The small act of protest was the latest chapter in an ongoing debacle over the district’s mask policy, which some parents and two school board members have called overstrict and inconsistent. The district says the policy is not open to interpretation and has been enforced uniformly.
After Governor Greg Abbott lifted his statewide mask mandate, the Texas Education Agency (TEA) stated that school boards had the power to keep or end their own mask rules. Shortly thereafter, districts around the state began unmasking, and school board trustees Danielle Weston and Mary Bone decided after vaccination to stop wearing masks at RRISD’s socially distanced board meetings.
“So that’s when I got to thinking, like, these cases have plummeted. I’ve been vaccinated. I’m not going to wear a mask anymore. I’m a grown adult. The TEA says if you’re socially distanced, which we are in board meetings, you don’t have to wear a mask. And it also said that all school districts have to abide by these protocols unless their local school board takes formal action to do something different,” Weston told The Texan.
After Weston and Bone attended maskless, the board president decided to switch their next meeting from in-person to virtual.
“I pushed back, I said, ‘Please don’t do this.’ I said, ‘Our district has previously announced that the April 15th meeting was going to be the first meeting open in person to the public since March of 2020. A lot of people were looking forward to reengage with their local governments, and it is disingenuous, less than a week before that meeting, to say it’s going to be virtual-only,’” Weston said.

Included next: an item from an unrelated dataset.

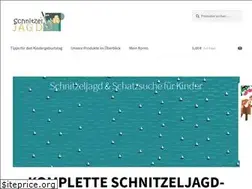 Sites similar to schnitzeljagd.shop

At that meeting, the board voted to keep the health protocol document that administrators and principals had been treating as a mask requirement. However, Weston and Bone say the rule has ambiguous language. For one, the document says students “should” wear a mask, not “must.”
The district argues that the wording is trivial and voting to affirm the document didn’t change the district’s longstanding mask rule.
“Our mask requirement remains in place. Students and staff have been required to wear masks since returning to campus in September,” RRISD Chief of Public Affairs Jenny LaCoste-Caputo said.
In an online statement published the day after the board affirmed the protocols, the district addressed concerns about their wording.
“The District administration is aware that some families have recently interpreted the phrase ‘should wear masks’ as optional. It is not,” the district wrote in an online statement.
“This protocol has been an expectation and requirement for the entire school year, and that requirement has not changed. Any student participating in on-campus learning for the duration of the school year must comply with the mask protocols. Students who do not wish to comply may opt for virtual learning.”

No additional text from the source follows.